A house owner is told that painting his house will require 45 kg of paint allowing for 6 percent wastage. If paint is available only in 4 kg tins, how many tins are required for painting the house?

Introduction / Context:
This problem is about adjusting a required quantity for wastage and then translating that adjusted requirement into discrete package sizes. Painters often allow for a percentage of wastage when estimating materials. The question checks whether you can handle percentage increase and then compute how many whole tins must be purchased to satisfy that requirement, since fractional tins cannot be bought.

Given Data / Assumptions:

• Net paint required for actual painting work is 45 kg, allowing for 6 percent wastage.
• This statement means that after wastage, 45 kg remains available for application.
• Paint is sold only in tins of 4 kg each.
• We must buy enough tins so that the usable paint after wastage is at least 45 kg.

Concept / Approach:
If 6 percent of the paint will be wasted, then only 94 percent (100 percent minus 6 percent) of the purchased paint will actually be used. Let the total purchased paint be P kg.

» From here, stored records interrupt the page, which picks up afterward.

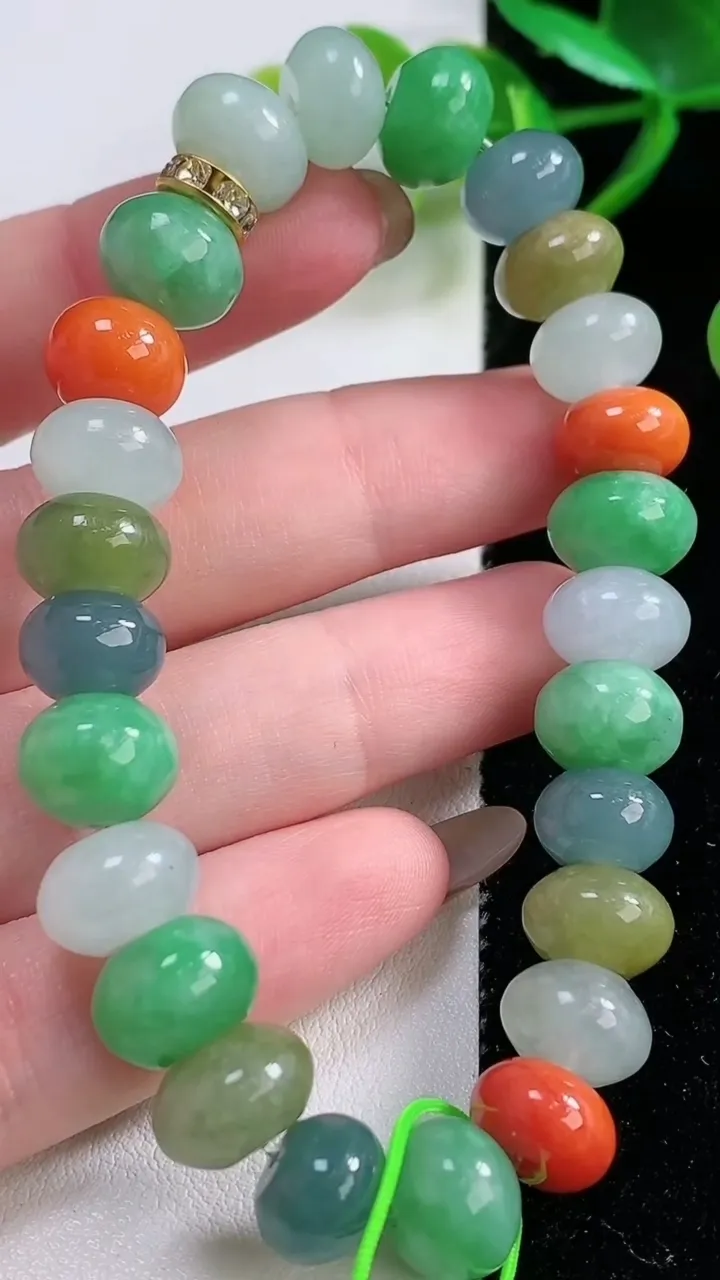 天然A货翡翠三彩算盘珠手串，尺寸10-6.1-25颗，重量:37.25g11月26日
工厂直销收藏佳品,种好水足，色泽均匀，有种有色，上手高大气！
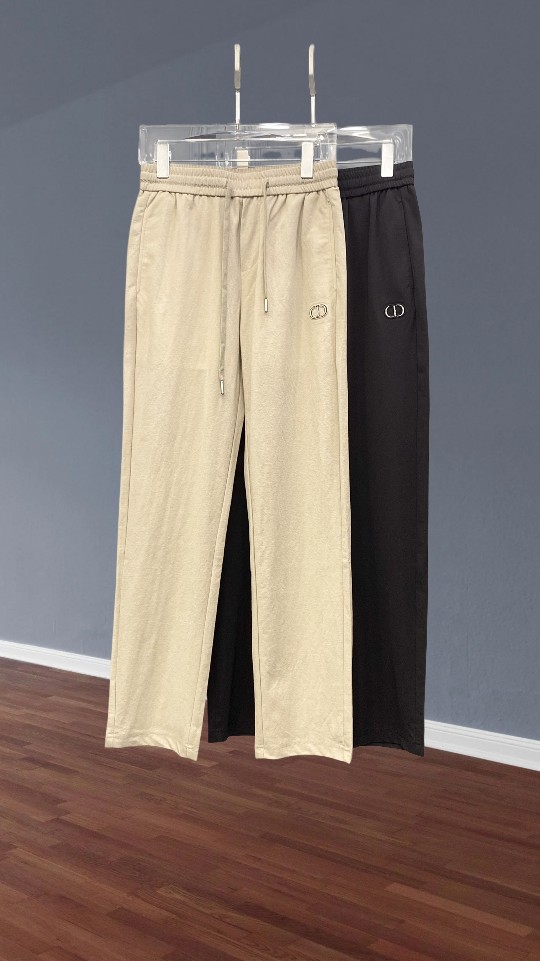 🔥DIOR 迪奥 26年新品休闲裤🔥专柜热销款 品味与价值共享 身穿着非常舒适 低调不失奢华 穿出去非常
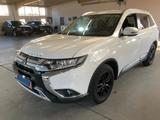 Mitsubishi Outlander 2.0 MIVEC Active ClearTec 2WD CVT - Mitsubishi Outlander Active mit Benzin-Antrieb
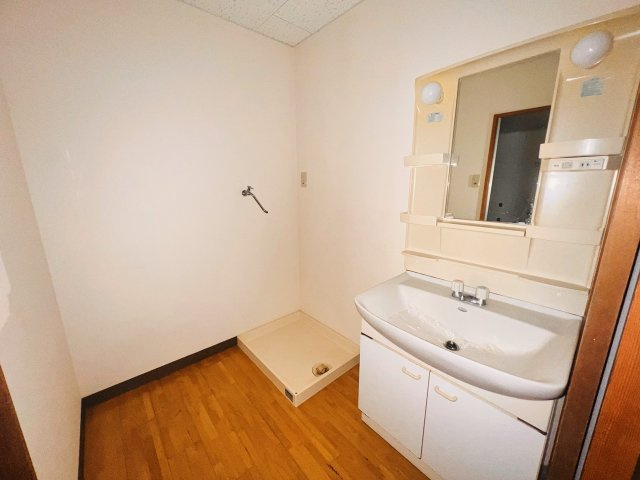 ファミールマンション広川の洗面所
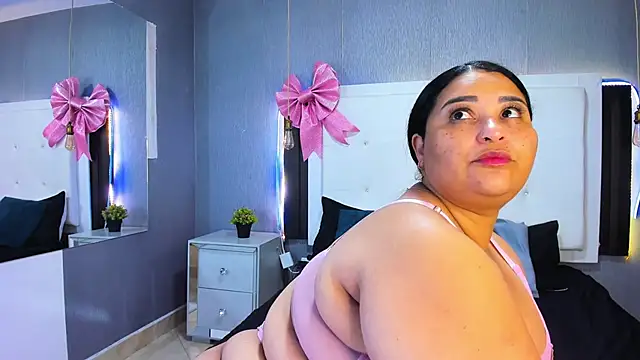 Clarigil online show from November 2025 10:35:01 PM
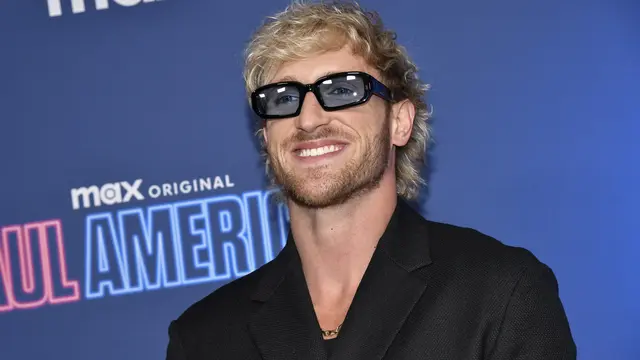 Logan Paul berpose untuk foto di Tempo by Hilton Times Square pada 26 Maret 2025, di New York. (Foto oleh Evan Agostini/Invision/AP, file)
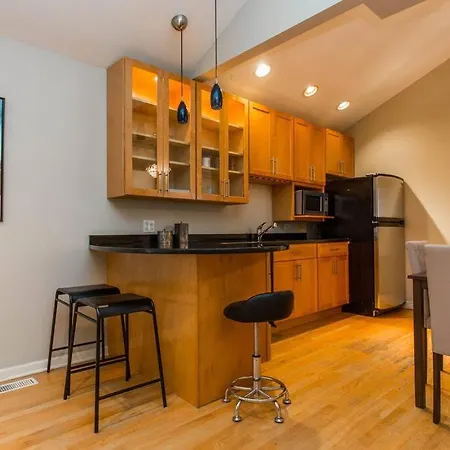 4 Bedroom In Location Parking Fireplace Back Yard Pets Welcome * Chicago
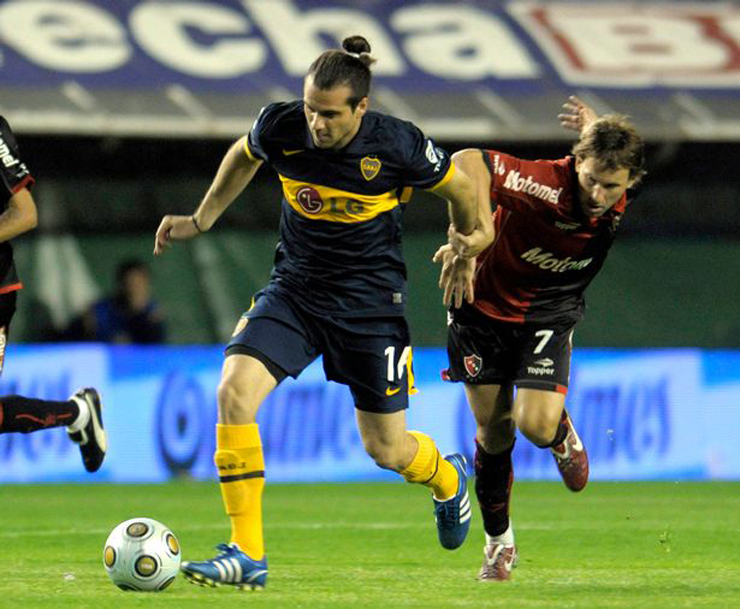 Cựu ngôi sao bóng đá của Boca Juniors, Guillermo Marino, đã lấy lý do đi làm muộn vì chuyện điên rồ.&nbsp;Khi bị HLV Jorge Sampaoli chất vấn chuyện đi muộn, Marino đã nhìn thẳng vào mắt HLV và nói: "Tôi rời đi và quay lại hai ngày sau đó vì tôi bị người ngoài hành tinh bắt cóc". Tất nhiên chẳng ai tin chuyện này cả, có điều&nbsp;Marino trước đó là một cầu thủ tuân thủ quy định CLB rất nghiêm túc.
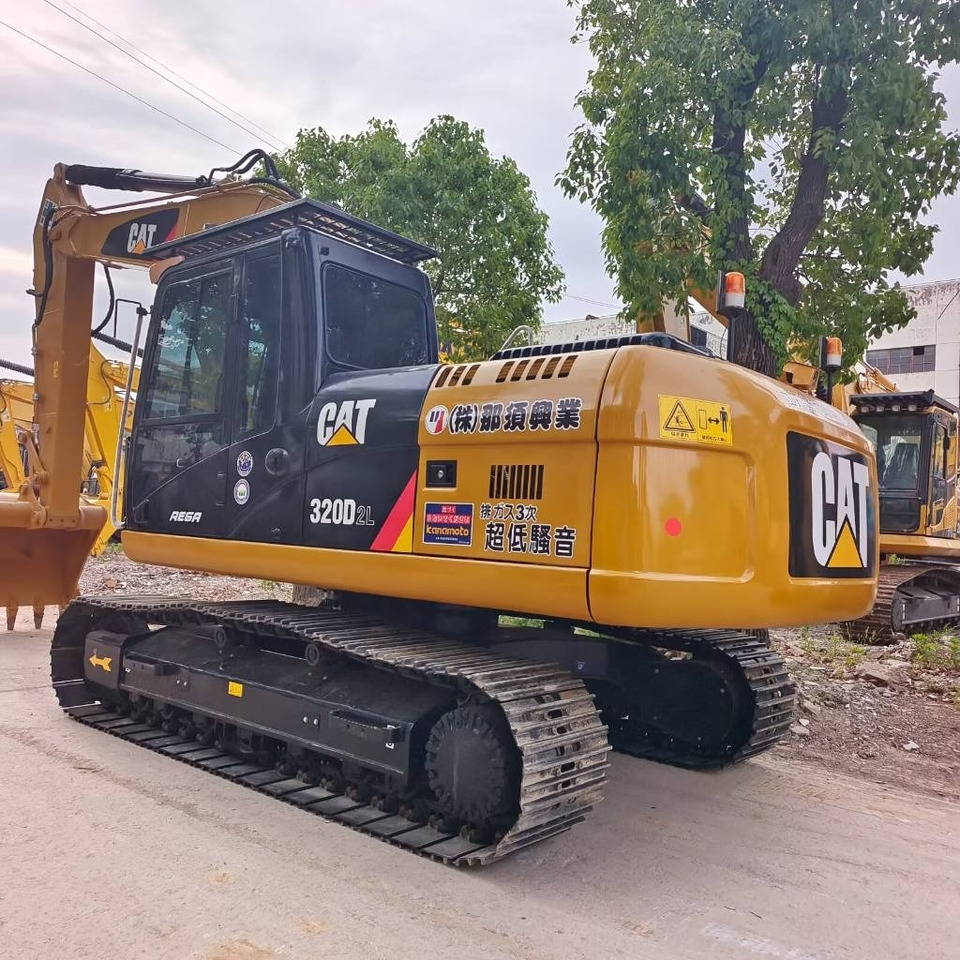 CAT 324D2L - Верижен багер: снимка 2 CAT 324D2L - Верижен багер: снимка 2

Then 94 percent of P must equal 45 kg. From this equation we solve for P, then divide by 4 to find how many 4 kg tins are required. Since we cannot buy a fraction of a tin, we round up to the next whole number.

Step-by-Step Solution:
Step 1: Let total paint purchased be P kg.Step 2: Wastage is 6 percent, so usable paint is 94 percent of P, which is 0.94P.Step 3: According to the problem, the usable paint must be 45 kg, so 0.94P = 45.Step 4: Solve for P: P = 45 / 0.94.Step 5: Numerically, 45 / 0.94 is approximately 47.872 kg.Step 6: Paint tins are 4 kg each, so number of tins required = P / 4 ≈ 47.872 / 4 ≈ 11.968.Step 7: Since we cannot buy a fraction of a tin, we must buy 12 tins to meet the requirement.

Verification / Alternative check:
Check with 12 tins. Twelve tins provide 12 * 4 = 48 kg of paint. Wastage is 6 percent of 48 kg, which is 0.06 * 48 = 2.88 kg. The usable paint is 48 - 2.88 = 45.12 kg, which is slightly more than the required 45 kg. With 11 tins, total paint would be 44 kg, and even with zero wastage this would be less than 45 kg. Therefore 12 tins are the minimum that satisfy the requirement with wastage.

Why Other Options Are Wrong:
Eleven tins give only 44 kg of paint, which even without wastage is insufficient. Ten tins provide 40 kg, which is even further from the requirement. Thirteen or fourteen tins provide more paint than necessary and would cover the requirement but are not the least number needed. The question asks for the number of tins required, which implies the smallest integer that meets the need, so 12 is correct.

Common Pitfalls:
Some students misinterpret the phrase allowing 6 percent wasting and assume that 45 kg already includes wastage, leading them to calculate 94 percent of 45 instead of the other way around. Others may forget to round up the number of tins and instead choose 11 based on the approximate division result. In real situations, insufficient paint would be a problem, so always round up when dealing with package counts.

Final Answer:
The house owner must purchase 12 tins of paint, so the correct option is 12.